By Sophie Vermeille, Jérémy Martinez & Frank-Adrien Papon
In a politically controversial attempt to modernize the French economy, French Minister of the Economy Emmanuel Macron had passed a sweeping law earlier this year, reforming many areas of French business law, including bankruptcy law. For the first time under French law shareholder removal from decisionmaking will be available for decisions affecting the future of a distressed company. This law is a step in the right direction to force shareholders to absorb the company’s losses and allow new shareholders to invest fresh money.

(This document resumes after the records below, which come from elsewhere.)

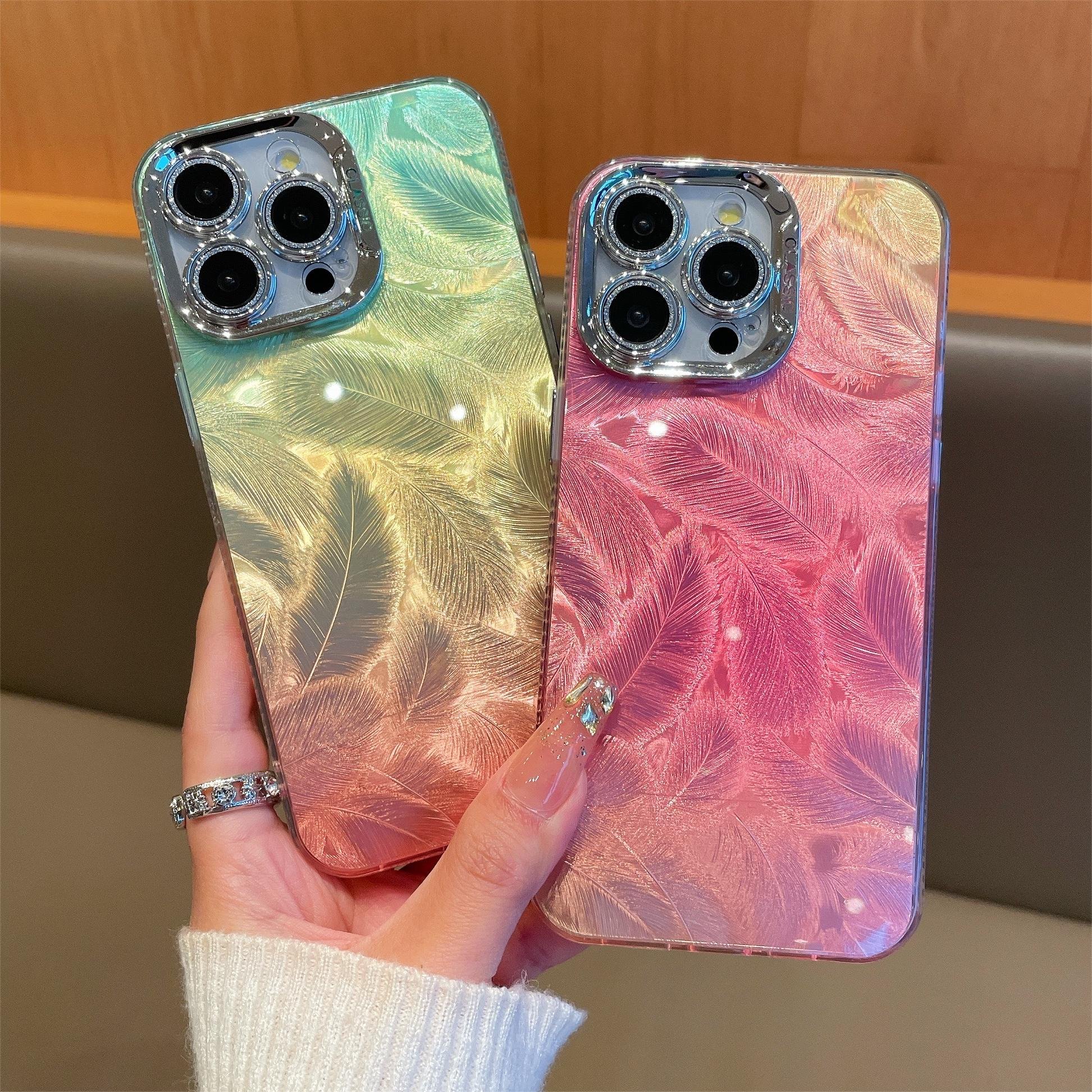 Ins Style Gradient Feather Phone Case Electroplated Diamond Lens Frame Glossy Glitter Mobile Case for iPhone 16 15 14 13 Pro Max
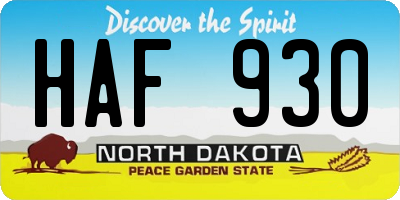 ND license plate HAF930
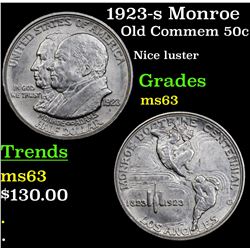 1923-s Monroe Old Commem Half Dollar 50c Grades Select Unc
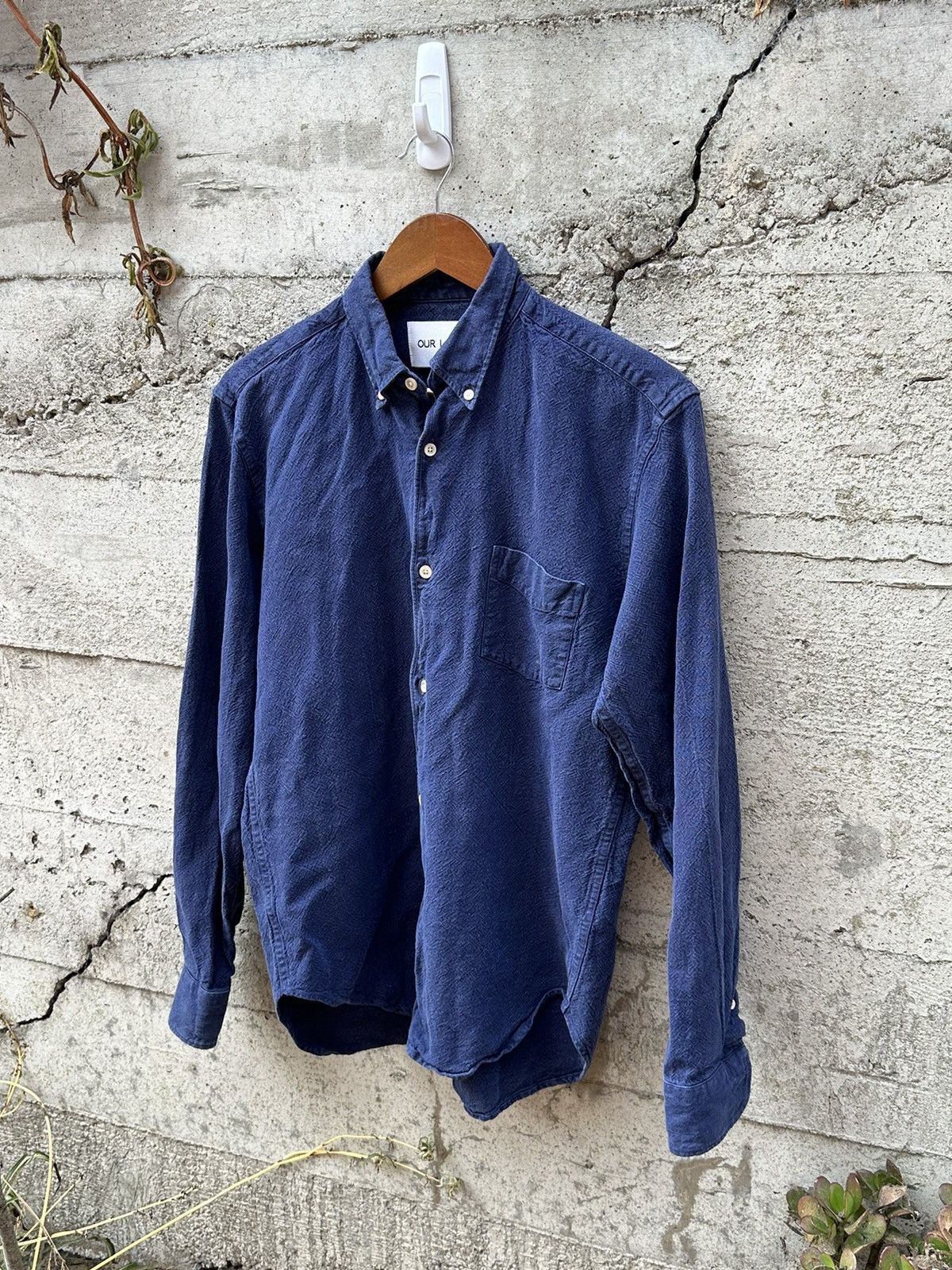 image of Grail Our Legacy Texturized Denim Button Up Shirt, Men's (Size Medium)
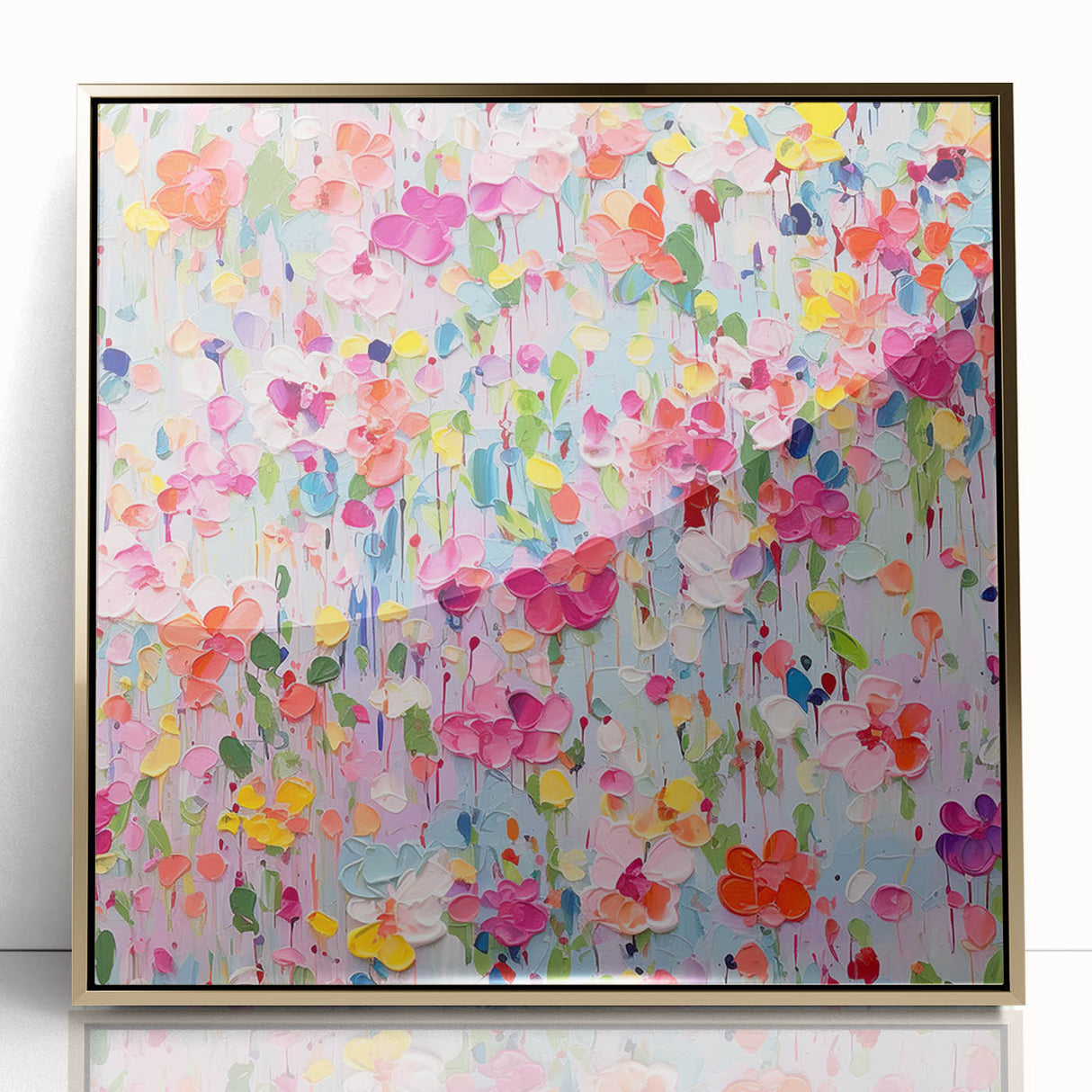 Framed abstract floral wall art featuring vibrant colors and intricate designs, set in a sleek gold frame, perfect for modern home decor accents.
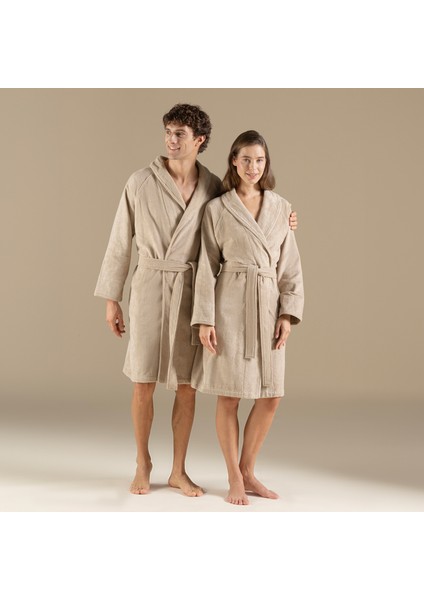 Solid Unisex Bornoz Koyu Bej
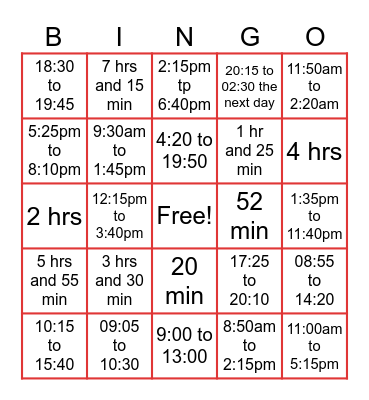 Elapsed Time Bingo Card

Unfortunately, the French government failed to use modern, world-class economic standards to govern a shareholder removal under the new law. First, by retaining an antiquated trigger of liquidity crisis instead of actual insolvency, the law fails to consider the enterprise value of the company as the proper economic basis to recognize that shares have become worthless, an essential element to provide legitimacy for their removal. Second, by requiring that a judge justify their removal by finding a “public necessity” to avoid a risk of “serious loss to the economy”, the law offers a weak constitutional safeguard for property rights, a loosely defined public interest standard, and little guidance for a judge to avoid arbitrary decisions and political pressure. This lack of economic and conceptual basis has unfortunately transformed a genuinely potentially useful attempt to reform French law into an inadequate and possibly even unconstitutional new law.